# Task objective
Copy the result of filtering the entries below for lines that include the string "piece".

[Source data]
= = = =
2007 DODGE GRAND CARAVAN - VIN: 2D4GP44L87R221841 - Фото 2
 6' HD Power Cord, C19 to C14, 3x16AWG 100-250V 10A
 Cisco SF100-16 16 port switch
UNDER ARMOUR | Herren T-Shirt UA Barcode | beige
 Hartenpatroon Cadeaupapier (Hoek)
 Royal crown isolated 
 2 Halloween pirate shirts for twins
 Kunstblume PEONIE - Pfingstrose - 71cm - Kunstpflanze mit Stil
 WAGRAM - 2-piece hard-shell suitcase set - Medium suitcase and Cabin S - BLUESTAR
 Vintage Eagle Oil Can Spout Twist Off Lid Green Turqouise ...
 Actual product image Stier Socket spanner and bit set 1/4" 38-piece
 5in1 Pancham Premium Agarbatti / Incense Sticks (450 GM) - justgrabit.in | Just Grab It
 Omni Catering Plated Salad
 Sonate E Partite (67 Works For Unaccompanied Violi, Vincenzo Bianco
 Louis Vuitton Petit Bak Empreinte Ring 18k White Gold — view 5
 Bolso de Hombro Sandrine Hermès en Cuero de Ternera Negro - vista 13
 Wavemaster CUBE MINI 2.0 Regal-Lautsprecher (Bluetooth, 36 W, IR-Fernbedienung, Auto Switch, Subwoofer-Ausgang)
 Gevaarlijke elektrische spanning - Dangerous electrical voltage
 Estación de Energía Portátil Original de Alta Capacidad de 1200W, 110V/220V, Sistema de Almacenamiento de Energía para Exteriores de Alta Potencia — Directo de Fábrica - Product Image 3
= = = =
# Output below
 WAGRAM - 2-piece hard-shell suitcase set - Medium suitcase and Cabin S - BLUESTAR
 Actual product image Stier Socket spanner and bit set 1/4" 38-piece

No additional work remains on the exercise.